Chimamanda Ngozi Adichie, Wikipedia informs me, is 43 years old. She was born in Nigeria, the daughter of a professor and an administrator in a university, and came to the United States for college. The review shows her to be an extremely capable writer, and she is poised and articulate [sic] in an interview that I am listening to as I write. (I know some readers will think that I just committed a micro-aggression by referring to a black woman as articulate, but I have known too many inarticulate and articulate men and women, both white and black, to worry about that.) Those, however, are not the characteristics that have me scratching my head about her selection to review Obama's book. What struck me is that she is principally a fiction writer, the author of four novels--although she has also written two long essays on feminism. Certainly I can imagine female historians like Doris Kearns Goodwin, or an immigrant like Henry Kissinger, or a black historian like David Levering Lewis, publishing a review of a presidential memoir in a leading forum, but I think it would hard to find such a review by a novelist in earlier decades. Why, then, was she selected? The reason is clear: it reflects a long intellectual shift that has recently accelerated, as illustrated both by the Times's own 1619 Project and the events this year that followed the death of George Floyd. Consciously or unconsciously, the Times editors evidently accept the idea that the most important thing about Barack Obama is his race, and that only another black person could do justice to it. That was far more important than finding someone who could put the successes and failures of his eight years in the White House in a broader historical context. My own academic profession is partly to blame: with rare exceptions like Jeremy Suri at UT Austin, we don't turn out serious political historians any more. In this case, however, the Times didn't seek one out.

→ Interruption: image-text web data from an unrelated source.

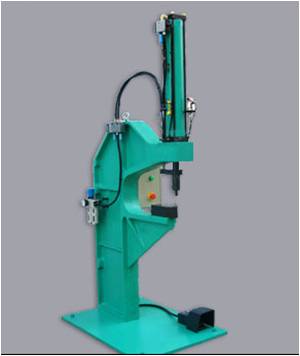 Pneumatic- Hydraulic Clinching Machine with C-Frame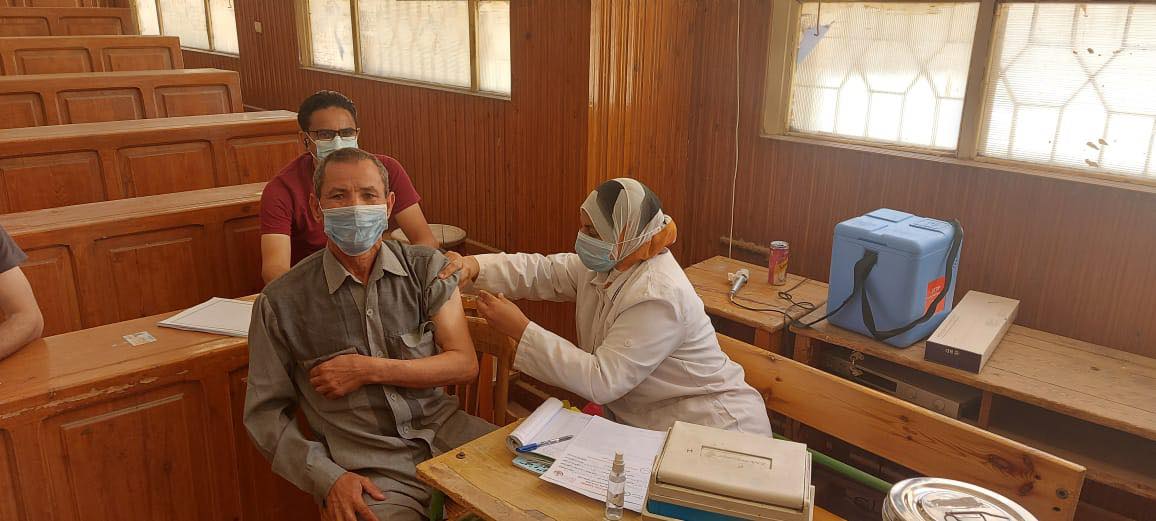 تطعيم اعضاء جامعة المنيا ضد فيروس كوورنا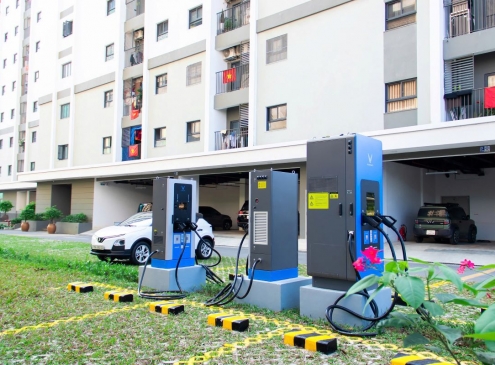 CHÍNH THỨC KÍCH HOẠT TRẠM SẠC Ô TÔ ĐIỆN NGOÀI TRỜI TRONG LÒNG KĐT ECOGARDEN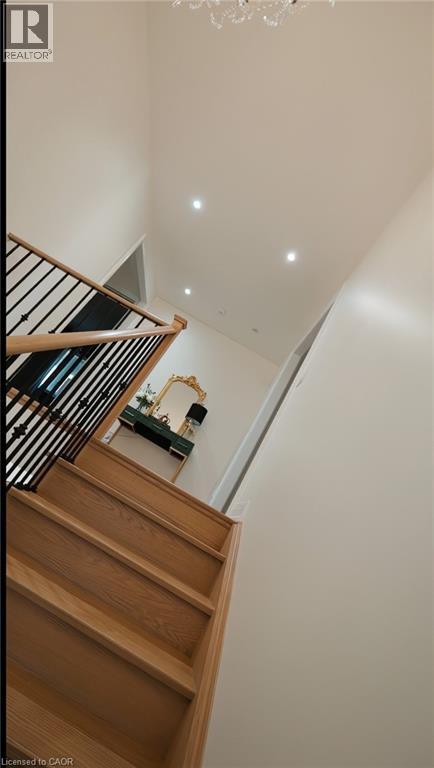 18 Casavant Court, Maple, Ontario  L6A 5A5 - Photo 3 - 40840099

Not surprisingly, the review focuses on the personal revelations within Obama's book, and what it reveals more generally about his character. Joe Biden has described Obama as the most self-aware man that he has ever known, and Adichie's selections certainly tend to confirm this. He is one of those remarkable people who continually do and observe at the same time. That sets him apart from many of our greatest Presidents. Washington, Jefferson, FDR, Truman and Kennedy were too busy acting, it seems to me, to have been so self-reflective, although Theodore Roosevelt, Wilson, Lyndon Johnson and Lincoln resembled Obama more in this respect. Oddly enough, however, I cannot remember Obama ever comparing himself to another President. (I do plan to read the memoir myself, which I have not, and I will be looking for that when I do. I have read the New Yorker excerpt about the early stages of the debate over the ACA.) She also gives him a lot of credit for ambivalence about his own ambition, and suggests that his pursuit of the presidency was less than whole-hearted. There I am skeptical: no one goes through what is necessary to reach the White House who is not determined to get there.
Adichie's account of Obama in power, however--which only covers the President's first term, like the book itself--is extraordinarily incomplete, much more so than the book itself could possibly be. She hardly says a single word about the financial crisis of 2008 that brought him into power or about his response to it in office. For me as an historian his single most important decision was to regard the crisis as a temporary foul-up that could be managed within the existing framework, rather than as overwhelming evidence that American and world capitalism had been heading in a disastrous direction for decades--but she has nothing to say about any of this. More generally she recognizes, and does not disapprove of, his centrism, and accepts his explanation that the public option had to be dropped from the ACA in order to pass it. She is nearly as taciturn about foreign policy, simply noting (needlessly, one might think), that Obama disapproved of the second Iraq war, and believed Afghanistan to be a war of necessity--without asking whether that necessity required the increase in our troop presence that he almost immediately put through. "And in case anyone was wondering," she writes in a strange sentence, " he admires the foreign policy of George H. W. Bush for managing the end of the Gulf War." I find it hard to believe that Obama didn't say something about the disastrous decision of intervene in Libya or his broader response to the Arab Spring, but nothing about those episodes found it way into Adichie's review. Both of those crises took place during his first term, which this volume of the memoirs covers. Space did not determine these omissions. At almost 5000 words, this may be the longest single review that I have ever read in the Sunday New York Times.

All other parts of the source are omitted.